Eccola la traduzione in italiano di Spoils system: becero clientelismo, alla faccia delle sentenze della Consulta, di “equità e giustizia” (che paroloni, signora ministra!) e delle “3 E” con cui, in mancanza di meglio, la politica si riempie la bocca.
Sulla torta a due strati della riforma renziana ci sarebbe anche una ciliegina, rigorosamente col verme: una normetta darebbe facoltà al sindaco/presidente di attribuire, a gente assunta fiduciariamente per far parte del suo staff, la qualifica che desidera. Ergo, può bastare la scuola dell'obbligo per un posto di categoria D (ex impiegati direttivi), mentre il giovane laureato sarà magari retrocesso in B (ex impiegati d'ordine). Parto demenziale di un legislatore in stato di ebbrezza? Pare proprio di no: si tratterebbe di un salvacondotto per Matteo Renzi, condannato in primo grado dalla Corte dei Conti a risarcire il danno erariale derivante da quattro assunzioni fuorilegge disposte nel periodo in cui il nostro si faceva politicamente le ossa come presidente della provincia di Firenze.
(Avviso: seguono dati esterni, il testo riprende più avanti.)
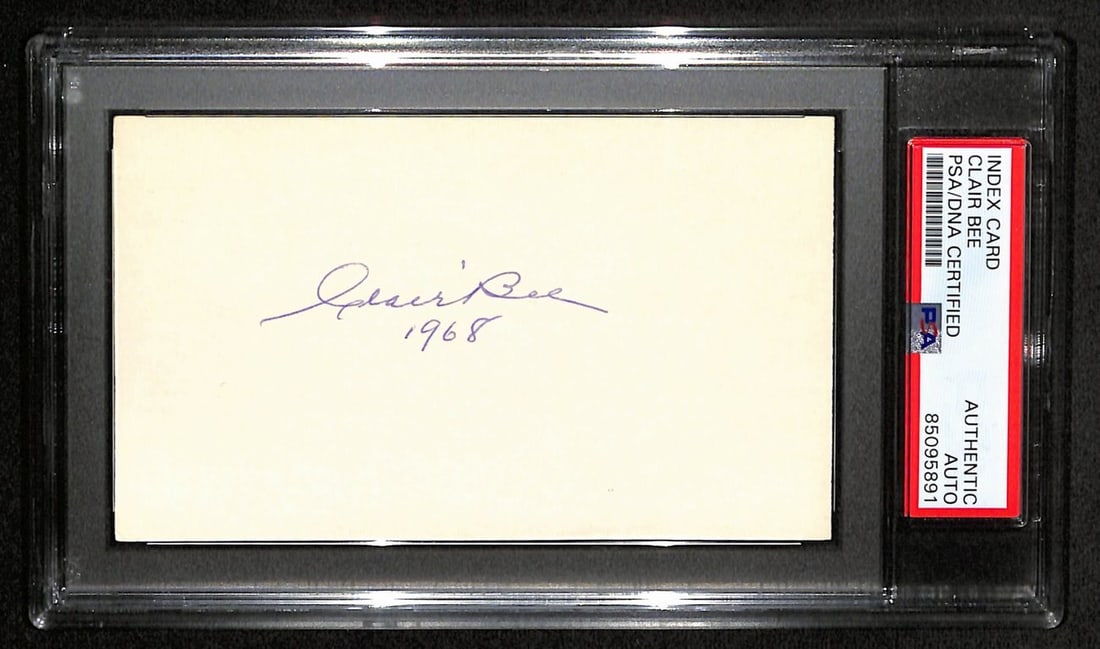 Baltimore Bullets Clair HOF PSA Coach Signed 3x5 DNA Bee Index Card (1 of 2)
Insomma una norma ad personam, di quelle che una volta la stampa aveva il buon gusto di rimproverare a Silvio. Va precisato che nell'ultimo testo semiufficiale la disposizione non si trova: ripensamento od occultamento? Stiamo all'erta: il vermetto, talora, rispunta all'improvviso, magari tra le pieghe di una leggina senza pretese.
Ma la riforma mica è tutta qui!, mi obbietterete. Ve ne do atto, renziani della prima, della seconda e dell’ultima ora: sono certo che il testo, una volta assunta forma definitiva, ci riserverà altre spiacevolissime sorprese. Per il momento, ho dato solamente un’occhiata, e ciò che ho intravisto mi induce a preoccuparmi. 

Pseudoriforme come quelle della Pubblica Amministrazione e del lavoro ci riportano indietro, molto indietro – sono il passato che torna a riprendersi i diritti, che occupa sbraitando i balconi televisivi e 2.0, che cancella il sindacato e tacita i pochi oppositori nel palazzo. Il linguaggio sarà pure nuovo, ma il format è vecchio quanto il mondo e lo spettacolo, appena iniziato, promette male.